How will this play out? Will Putin impose his will on Ukraine, at great cost to his country and its economic and moral well-being. Will he negotiate a new status quo with Russia in control of wide areas of the Ukraine? The West, he could say, has been taught a lesson. Or will the siloviki come to realise they’re backing the wrong horse? But their loyalties will be difficult to turn. Likewise the Russian media has been tamed into replaying this myth of a genocidal Ukraine. How many Russians really believe it? But dare anyone in the state-controlled media step out of line?
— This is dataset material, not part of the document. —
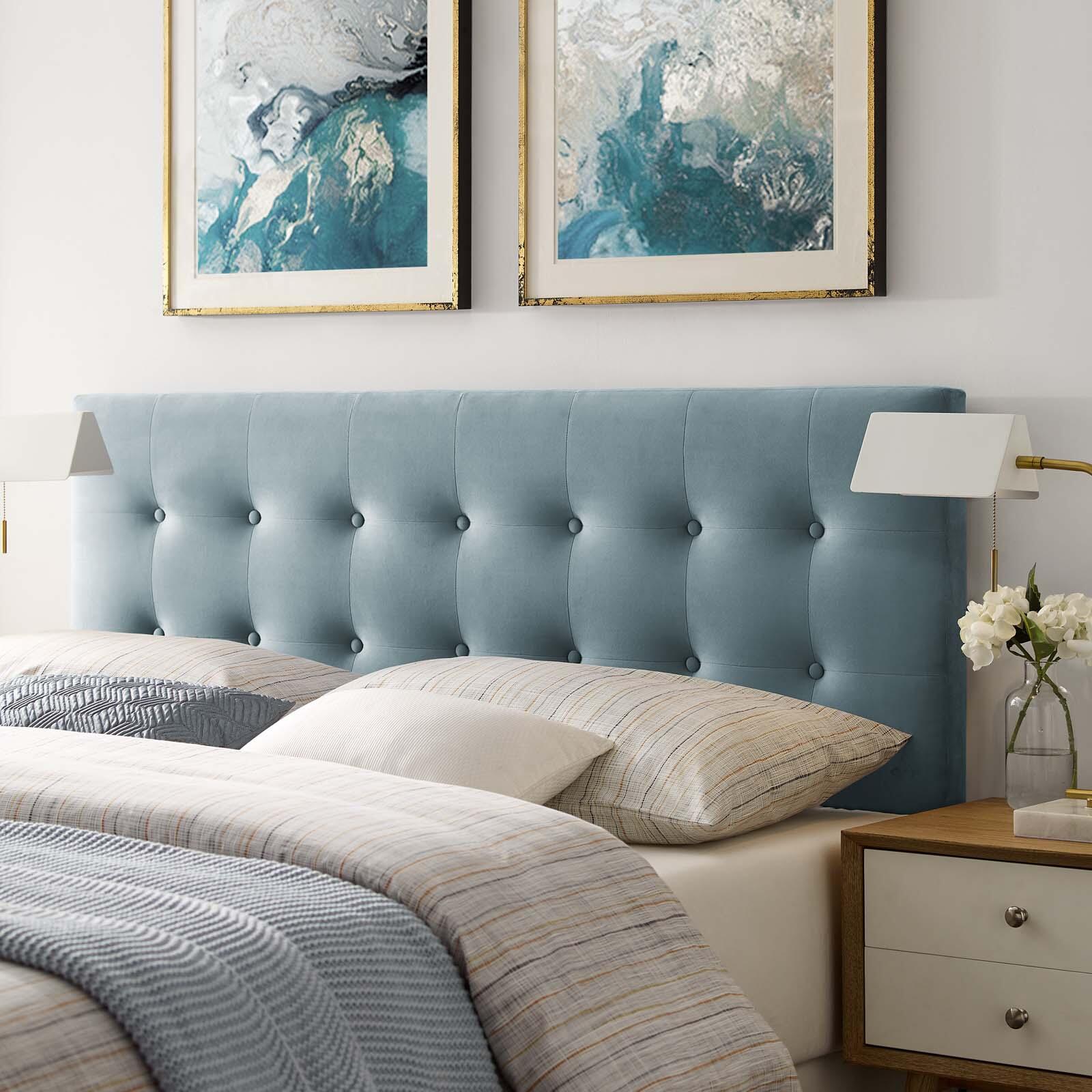 Emily Biscuit Tufted Velvet Headboard, Light Blue, rollover
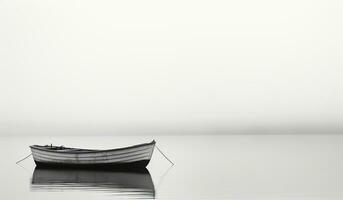 minimalista paesaggio di piccolo di legno barca isolato nel acqua con un' lotto di nebbia. ai generato foto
What’s happening in Ukraine will change the world in ways we can’t yet comprehend. Peace treaties, maybe. Vast reputational and economic damage. Maybe a re-assertion of democracy – even liberal democracy – in the West. We’ve been too complacent, and tied up in ‘death of democracy talk. Too self-absorbed. Germany is radically increasing its defence budget, and is now supplying Ukraine with arms – did Putin foresee this? Rogue states as we’ve recently seen them, Turkey (now blocking the Bosphorus to Russian vessels) and Hungary (remembering 1956), are now supporting Ukraine. (Why did India abstain on the Security Council vote condemning Russia?) China and Taiwan: what lessons will China take from all this? Will the USA now re-balance its foreign policy – equal status for Europe and the Far East? Economic implications – shorter supply lines, energy sources closer to home, more political savvy, less talk of ‘rational’ markets when there are so many other forces in play.

Never in my lifetime has the world been in such a state of flux, with so much uncertainty.